Explaining the Chromebook Security Scare in Plain English: Don’t Panic!

Yesterday I pushed out to various of my venues a Google notice regarding a security vulnerability relating to a long list of Chrome OS based devices (that is, “CrOS” on Chromebooks and Chromeboxes). That notice (which is titled more like a firmware upgrade advisory than a security warning per se) is at:


While that page is generally very well written, it is still quite technical in its language. Unfortunately, while I thought it was important yesterday to disseminate it as quickly as possible, I was not in a position to write any significant additional commentary to accompany those postings at that time. 

Today my inbox is filled with concerned queries from Chromebook and Chromebox users regarding this issue, who found that Google page to be relatively opaque.

Does this bug apply to us? Should we rush to upgrade? What happens if something goes wrong? Should our school be concerned — we’ve got lots of students using Chromebooks, what should we do? Help!

Here’s the executive summary — perhaps the way that Google should have said it: DON’T PANIC! — especially if you have strong passwords. Most of you don’t really have to worry much about this one. But please do keep reading, especially and definitely if you’re a corporate user or someone else in a particularly high security environment.

This is not a large-scale attack vulnerability, where millions of devices can be easily compromised. In fact, even in worst case scenarios, the attack is computationally “expensive” — meaning that much more “targeted” attacks, e.g., against perceived “high-value” individuals, would be the focus.

Google has already take steps in their routine Chrome OS updates to mitigate some aspects of this problem and to make it an even less practical attack from the standpoint of most individual users, though the vulnerability cannot be completely closed via this approach for everyone.

The underlying problem is a flaw in the firmware (the programming) of a specific chip in these devices, called a TPM. Google didn’t expand that acronym in their notice, so I will — it stands for Trusted Platform Module.

The TPM is a crucial part of the cryptographic system that protects the data on Chrome OS devices. It’s sort of the “roach motel” of security chips — certain important crypto key data gets in there but can’t get out (yet can still be utilized appropriately by the system).

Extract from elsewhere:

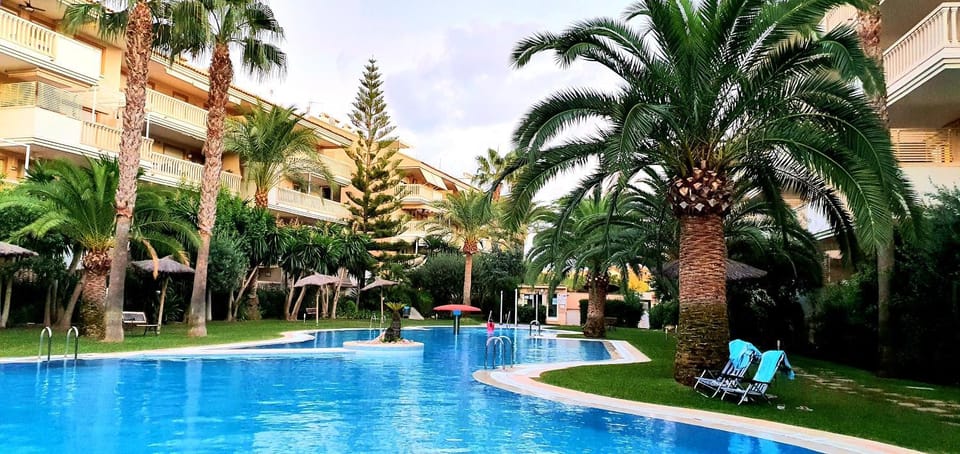 Property building, Day, Natural landscape, Garden, Seating area, Pool view, Swimming pool, Swimming pool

The TPM firmware flaw in question makes the possibility of “brute force” guessing of internal crypto keys more practical in a targeted sense, but again, not at large scale. And in fact, if you have a weak password, that’s a far greater vulnerability for most users than this TPM bug ever would have been. Google’s mitigations of this problem already provide good protection for most individual users with strong passwords.

C’mon, switch to a strong password already! You’ll sleep better.

It’s really in high security corporate environments and similar situations where the TPM flaw is of more concern, particularly where individual users may be reasonably expected to be targets of security attacks.

Where firms or other organizations are using their own crypto certificates via the TPM to allow corporate or other access (or use “Verified Access” for enterprise-managed authentication) the TPM bug is definitely worthy of quite serious consideration at least.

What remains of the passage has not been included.